▶ _PROVIDED RECORDS_
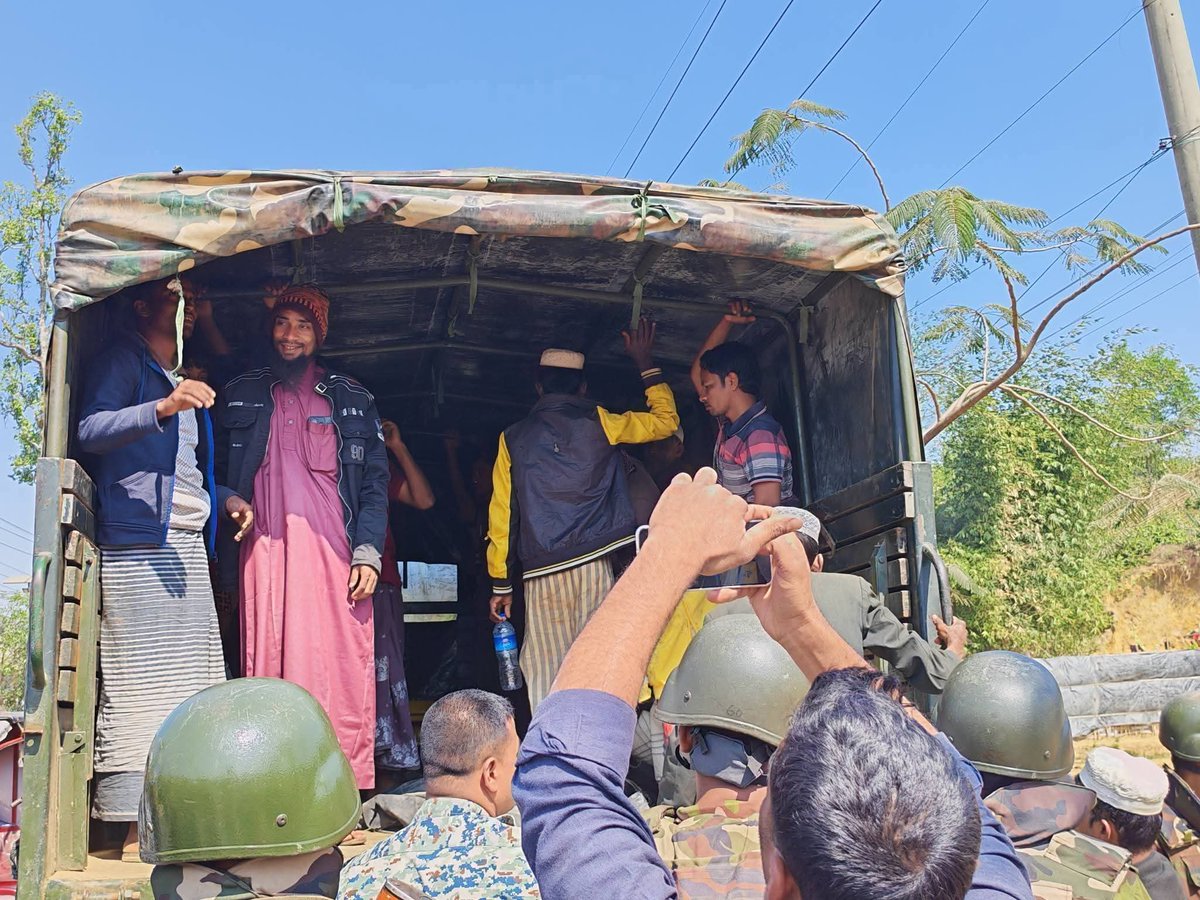 Mohammed Dullah tweet media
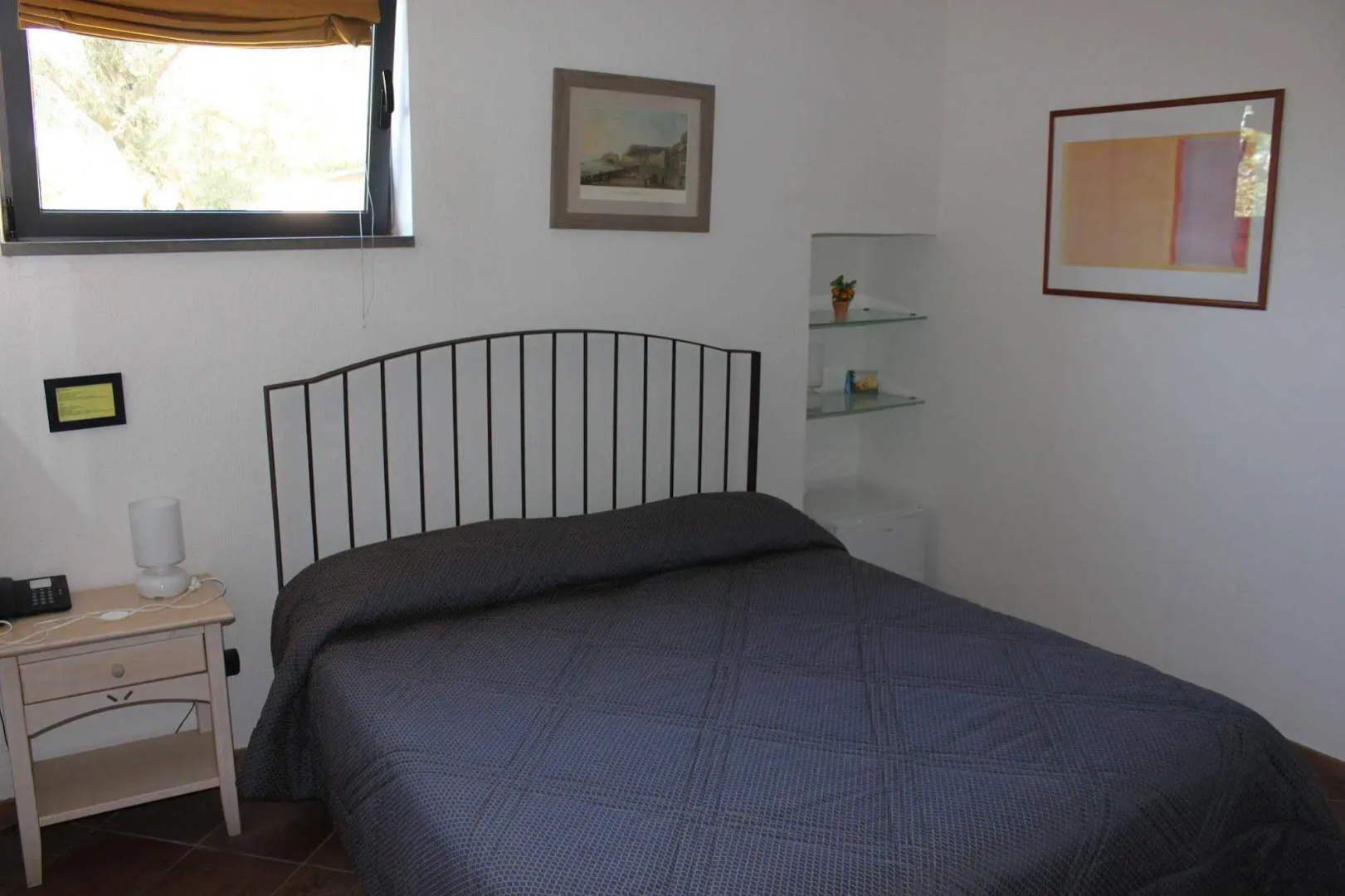 Flegrea House - Casa Rosa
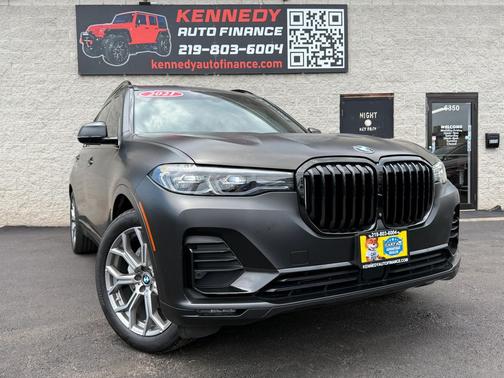 2021 BMW X7 xDrive40i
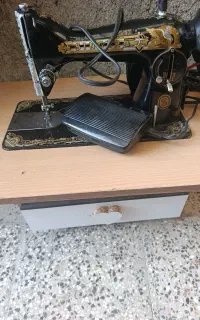 چرخ سینگر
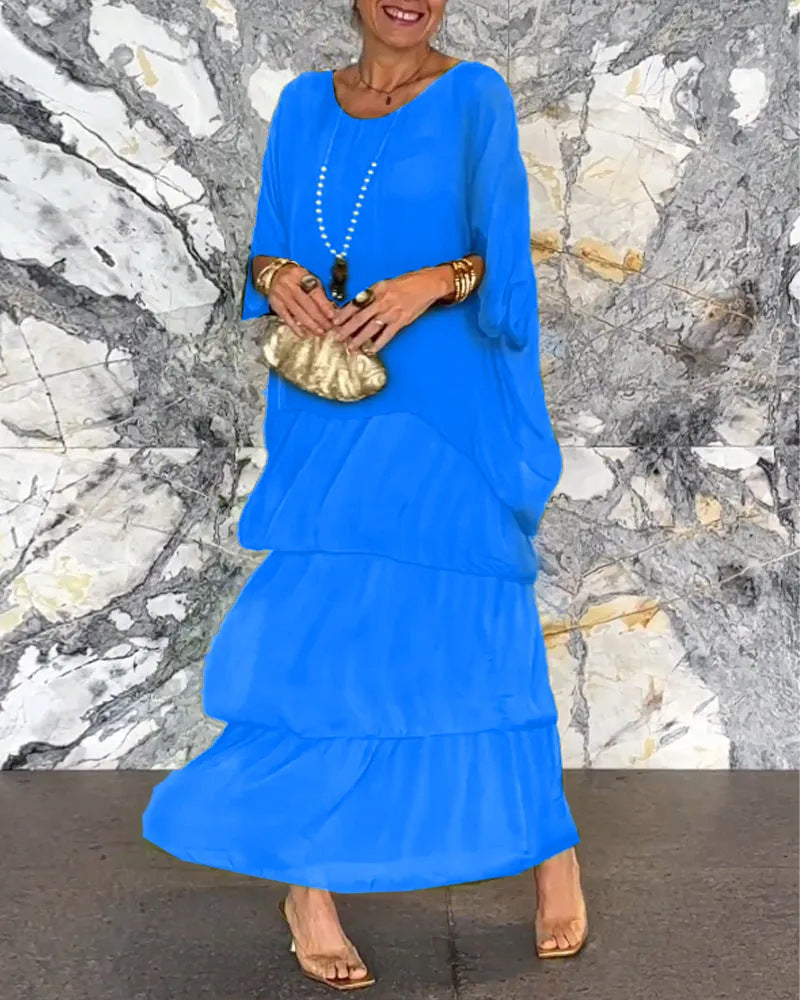 Gracefully Styled Dress for Any Occasion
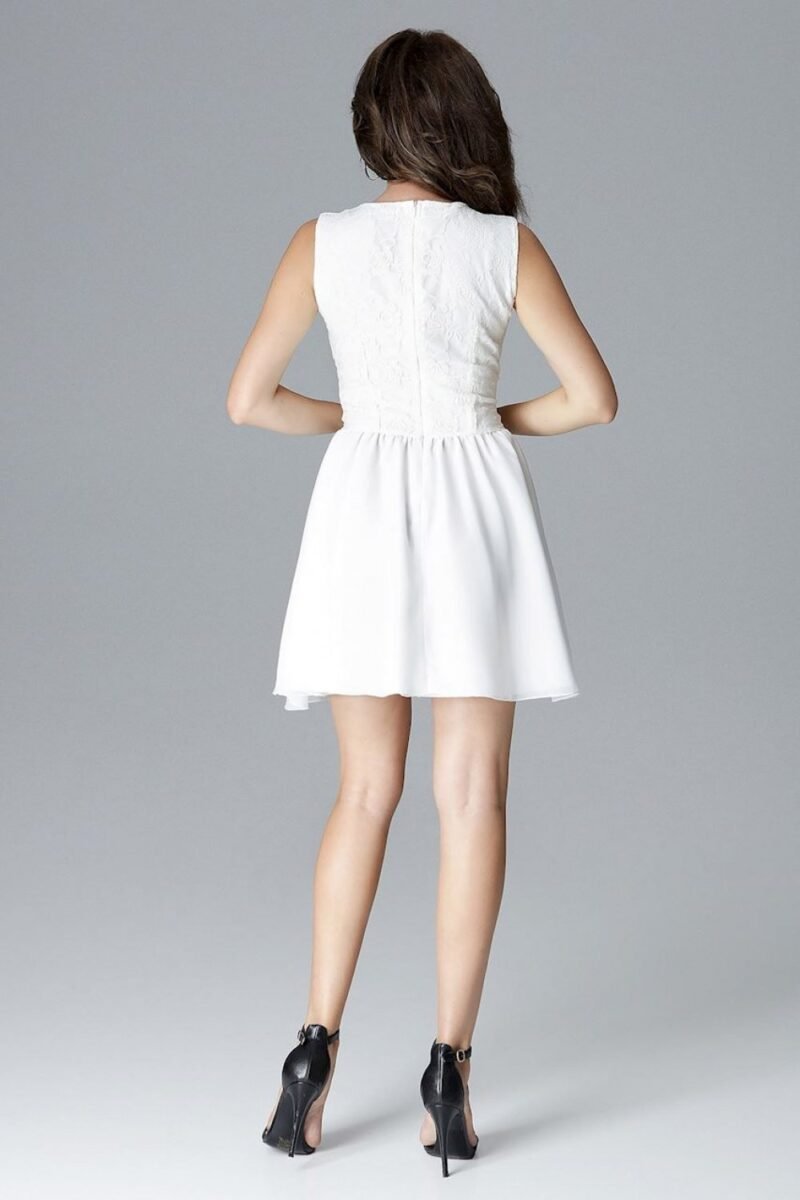 Short dress model 128516 Lenitif - Image 2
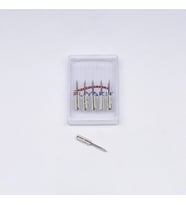 Fuyaku Fine İnce Plastik Dipli Kılçık Tabanca İğnesi 26 mm (5 Adet)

▶ _AIM OF THE EXERCISE_
Give back exactly the lines running from the one that contains "2021 BMW X7 xDrive40i" to the end of the records, including both of those lines and excluding every picture.

▶ _SOLUTION TO THE PROBLEM_
 2021 BMW X7 xDrive40i
 چرخ سینگر
 Gracefully Styled Dress for Any Occasion
 Short dress model 128516 Lenitif - Image 2
 Fuyaku Fine İnce Plastik Dipli Kılçık Tabanca İğnesi 26 mm (5 Adet)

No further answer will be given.